On June 30, 2017, the Company completed the sale of a 625-hectare area (500 agricultural hectares) of Jatobá Farm. The area was sold for 300 soybean bags per usable hectare totaling 150.000 soybean bags, equivalent to R$10,145. The Company received a down payment of 15,000 soybean bags in the amount of R$878, a second installment of the same amount on July 30, 2017, and the remaining balance will be settled in four annual installments (Note 7.1.e – Jatobá I). See Note 19.b.

 

1.3 Sale of Jatobá II Farm

 

On June 13, 2018, the Company signed a purchase and sale agreement for a total area of 9,784 hectares (7,485 agricultural hectares) of the Jatobá Farm, a rural property located in the city of Jaborandi, state of Bahia, for an amount corresponding to 285 bags of soybean per usable hectare totaling 2.133.225 soybean bags equivalent to R$123,335 as of July 31, 2018.

 

On July 31, 2018, the buyer paid the first installment of R$21,000, equivalent to 300,000 bags of soybean, and met the conditions envisaged in the agreement, obtaining the of possession of the land and therefore, met the conditions for the recognition of revenue by the Company. The balance will be paid in seven annual installments (Note 7.1.e – Jatobá II).

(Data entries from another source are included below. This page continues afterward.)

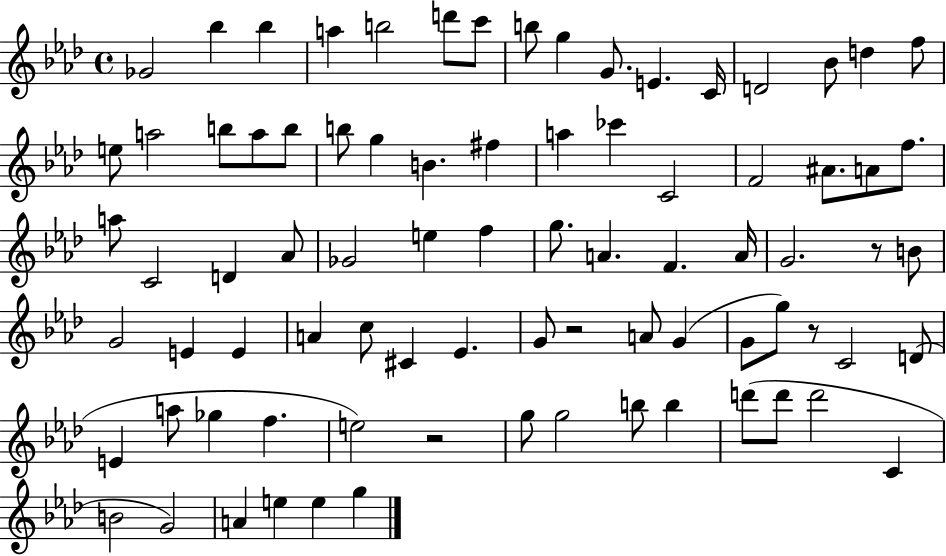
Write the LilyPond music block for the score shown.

{
  \clef treble
  \time 4/4
  \defaultTimeSignature
  \key aes \major
  ges'2 bes''4 bes''4 | a''4 b''2 d'''8 c'''8 | b''8 g''4 g'8. e'4. c'16 | d'2 bes'8 d''4 f''8 | \break e''8 a''2 b''8 a''8 b''8 | b''8 g''4 b'4. fis''4 | a''4 ces'''4 c'2 | f'2 ais'8. a'8 f''8. | \break a''8 c'2 d'4 aes'8 | ges'2 e''4 f''4 | g''8. a'4. f'4. a'16 | g'2. r8 b'8 | \break g'2 e'4 e'4 | a'4 c''8 cis'4 ees'4. | g'8 r2 a'8 g'4( | g'8 g''8) r8 c'2 d'8( | \break e'4 a''8 ges''4 f''4. | e''2) r2 | g''8 g''2 b''8 b''4 | d'''8( d'''8 d'''2 c'4 | \break b'2 g'2) | a'4 e''4 e''4 g''4 | \bar "|."
} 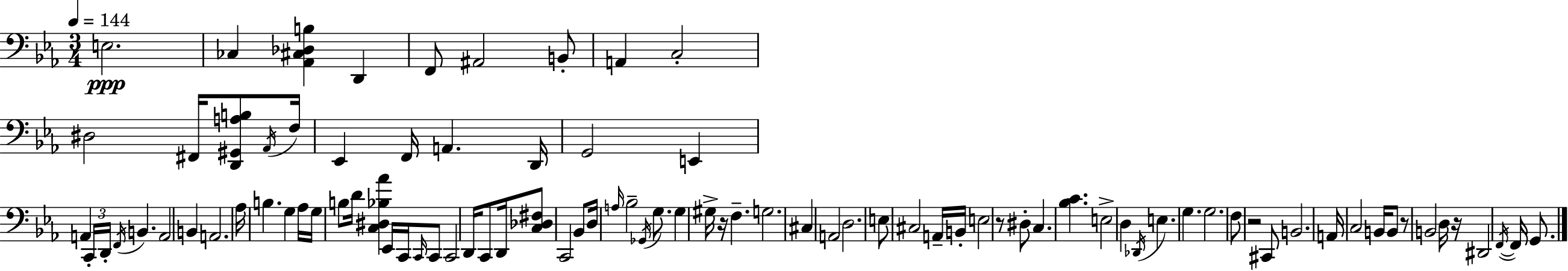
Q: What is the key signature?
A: EES major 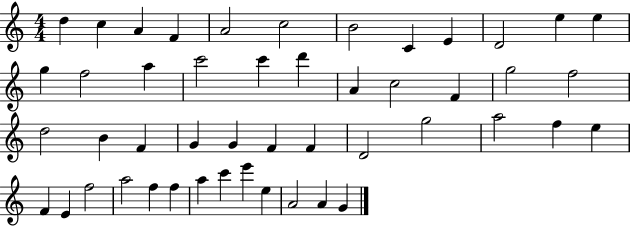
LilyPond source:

{
  \clef treble
  \numericTimeSignature
  \time 4/4
  \key c \major
  d''4 c''4 a'4 f'4 | a'2 c''2 | b'2 c'4 e'4 | d'2 e''4 e''4 | \break g''4 f''2 a''4 | c'''2 c'''4 d'''4 | a'4 c''2 f'4 | g''2 f''2 | \break d''2 b'4 f'4 | g'4 g'4 f'4 f'4 | d'2 g''2 | a''2 f''4 e''4 | \break f'4 e'4 f''2 | a''2 f''4 f''4 | a''4 c'''4 e'''4 e''4 | a'2 a'4 g'4 | \break \bar "|."
} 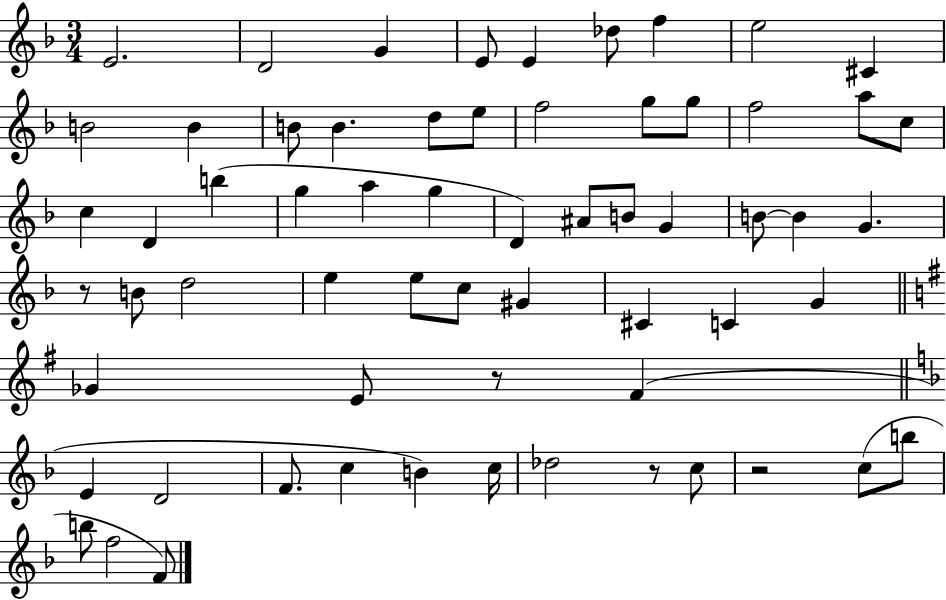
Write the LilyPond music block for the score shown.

{
  \clef treble
  \numericTimeSignature
  \time 3/4
  \key f \major
  e'2. | d'2 g'4 | e'8 e'4 des''8 f''4 | e''2 cis'4 | \break b'2 b'4 | b'8 b'4. d''8 e''8 | f''2 g''8 g''8 | f''2 a''8 c''8 | \break c''4 d'4 b''4( | g''4 a''4 g''4 | d'4) ais'8 b'8 g'4 | b'8~~ b'4 g'4. | \break r8 b'8 d''2 | e''4 e''8 c''8 gis'4 | cis'4 c'4 g'4 | \bar "||" \break \key g \major ges'4 e'8 r8 fis'4( | \bar "||" \break \key d \minor e'4 d'2 | f'8. c''4 b'4) c''16 | des''2 r8 c''8 | r2 c''8( b''8 | \break b''8 f''2 f'8) | \bar "|."
} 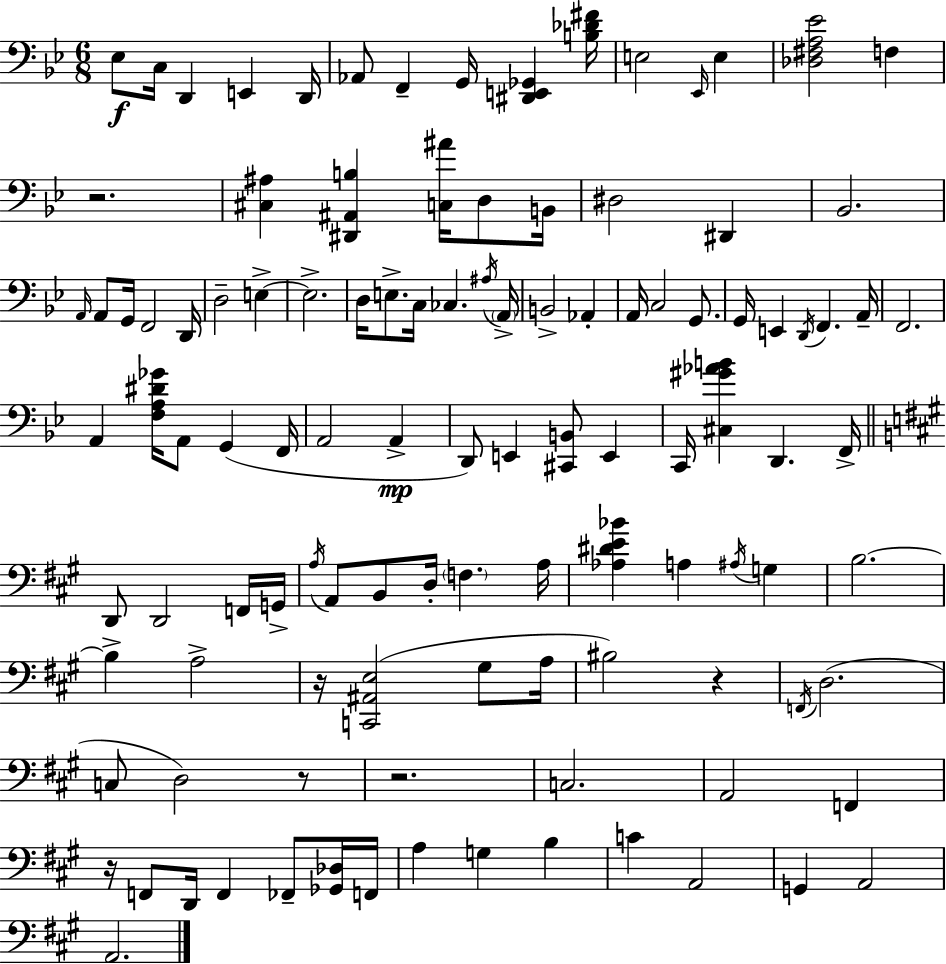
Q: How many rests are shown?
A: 6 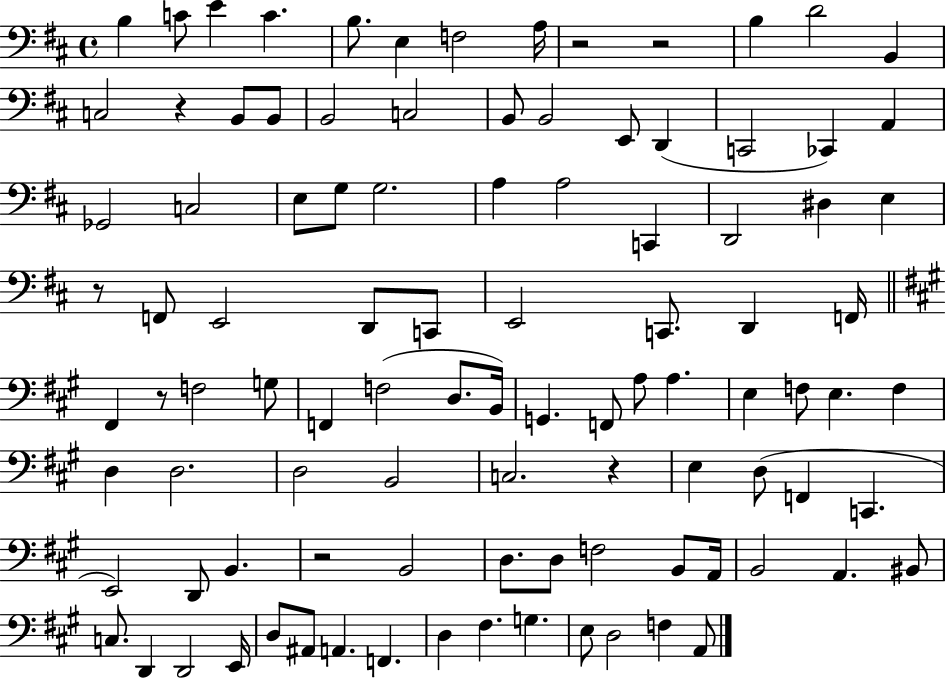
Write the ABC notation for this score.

X:1
T:Untitled
M:4/4
L:1/4
K:D
B, C/2 E C B,/2 E, F,2 A,/4 z2 z2 B, D2 B,, C,2 z B,,/2 B,,/2 B,,2 C,2 B,,/2 B,,2 E,,/2 D,, C,,2 _C,, A,, _G,,2 C,2 E,/2 G,/2 G,2 A, A,2 C,, D,,2 ^D, E, z/2 F,,/2 E,,2 D,,/2 C,,/2 E,,2 C,,/2 D,, F,,/4 ^F,, z/2 F,2 G,/2 F,, F,2 D,/2 B,,/4 G,, F,,/2 A,/2 A, E, F,/2 E, F, D, D,2 D,2 B,,2 C,2 z E, D,/2 F,, C,, E,,2 D,,/2 B,, z2 B,,2 D,/2 D,/2 F,2 B,,/2 A,,/4 B,,2 A,, ^B,,/2 C,/2 D,, D,,2 E,,/4 D,/2 ^A,,/2 A,, F,, D, ^F, G, E,/2 D,2 F, A,,/2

The accounting impact on statement of income is described in Note 19.b.

  

1.4. Sale of Alto Taquari Farm

 

On November 21, 2018, the Company signed a purchase and sale agreement for a total area of 103 hectares of arable land in the Alto Taquari Farm, for the value of 1,100 bags per useful hectare totaling 113.300 soybean bags, equivalent to R$6,871.

 

On November 19, 2018, the buyer made a down payment of 22,656 soybean bags in the amount of R$1,491 and the outstanding balance will be paid in four years, two installments per year (Note 7.1.c – Alto Taquari I).

 

1.5 Sale of Jatobá III Farm

 

On June 28, 2019, the Company signed a purchase and sale agreement for a total area of 3,125 hectares (2,473 agricultural hectares) of the Jatobá Farm, a rural property located in the City of Jaborandi, State of Bahia, for 285 bags of soybean per useful hectare totaling 704.805 soybean bags, equivalent to R$47,016 as of June 28, 2019.

 

On June 28, 2019, the buyer paid the first installment of R$5,000 and, on July 31, 2019, the buyer paid another installment in the amount R$5,000. The outstanding balance, corresponding to 563,844 bags of soybean, will be paid in six annual installments. (Note 7.1.e – Jatobá III).

 

1.6 Lease

 

a)Lease of Jatobá Farm

 

Under the same commitment for the purchase and sale of the Jatobá Farm, as described in Note 1.3, the Company leased another area of the farm, with useful area of 7,468 hectares, for a period of 5 years and with annual payments of 6 bags per hectare or 17% of total production, whichever is greater.

 

b)Lease of Parceria V

 

On August 28, 2018, the Company signed a lease agreement to use a farmland of 23,500 hectares in the city of São Félix do Araguaia, state of Mato Grosso. The new farm will be called Partnership V (see Note 26). The lease will be for 10 years.